Semua langkah tersebut bermuara pada perwujudan nilai-nilai Pancasila dalam diri individu, kehidupan bermasyarakat, berbangsa, dan bernegara.
Oleh sebab itu, pada akhir tahap I ini pendidikan karakter diarahkan untuk mewujudkan peserta didik, pendidik, tenaga kependidikan, dan pemangku kepentingan pendidikan yang mampu menghayati kembali dan melaksanakan nilai-nilai Pancasila. Pendidikan karakter meliputi dan berlangsung pada:
1. Pendidikan Formal
Pendidikan karakter pada pendidikan formal berlangsung pada lembaga pendidikan TK/RA, SD/MI, SMP/MTs, SMA/MA, SMK, MAK dan Perguruan Tinggi melalui pembelajaran, kegiatan kokurikuler dan ekstrakurikuler, penciptaan budaya satuan pendidikan, dan pembiasaan.
Sasaran pada pendidikan formal adalah peserta didik, pendidik, dan tenaga kependidikan. Proses pendidikan karakter merupakan proses yang berkelanjutan, tidak hanya berhenti dalam satu, dua tahun saja. Sejak peserta didik masuk TK dan berlangsung secara terus menerus.
Nilai-nilai yang ada tidak diajarkan, tapi dikembangkan. Hal ini mengandung makna bahwa materi nilai budaya dan karakter bangsa bukanlah bahan ajar biasa; artinya, nilai-nilai itu tidak dijadikan pokok bahasan yang dikemukakan seperti halnya ketika mengajarkan suatu konsep, teori, prosedur, ataupun fakta seperti dalam mata pelajaran, tetapi nilai-nilai tersebut diintegrasikan dan menjadi bagian yang tidak terpisahkan dalam mata pelajaran.
Misalnya saja nilai kejujuran, tentunya ini bisa dintegrasikan dalam pelajaran apa pun.
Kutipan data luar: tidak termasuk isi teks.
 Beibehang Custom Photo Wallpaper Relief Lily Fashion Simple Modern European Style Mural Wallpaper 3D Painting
Oleh karena itu, guru tidak perlu mengubah pokok bahasan yang sudah ada, tetapi menggunakan materi pokok bahasan itu untuk mengembangkan nilai-nilai budaya dan karakter bangsa. Guru pun tidak harus mengembangkan proses belajar khusus untuk mengembangkan nilai.
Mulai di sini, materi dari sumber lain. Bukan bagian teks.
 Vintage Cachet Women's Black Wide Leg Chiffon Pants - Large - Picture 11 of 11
Suatu hal yang selalu harus diingat bahwa satu aktivitas belajar dapat digunakan untuk mengembangkan kemampuan dalam ranah kognitif, afektif, dan psikomotor. Konsekuensi dari prinsip ini, nilai-nilai budaya dan karakter bangsa tidak ditanyakan dalam ulangan ataupun ujian, tetapi guru bisa melakukan evaluasi tertentu untuk memberikan pemahaman yang lebih mendalam kepada siswa.
Guru pun perlu juga melakukan komunikasi-komunikasi personal kepada siswa-siswa yang membutuhkan bimbingan khusus. Proses pendidikan dilakukan dengan peserta didik secara aktif dan menyenangkan.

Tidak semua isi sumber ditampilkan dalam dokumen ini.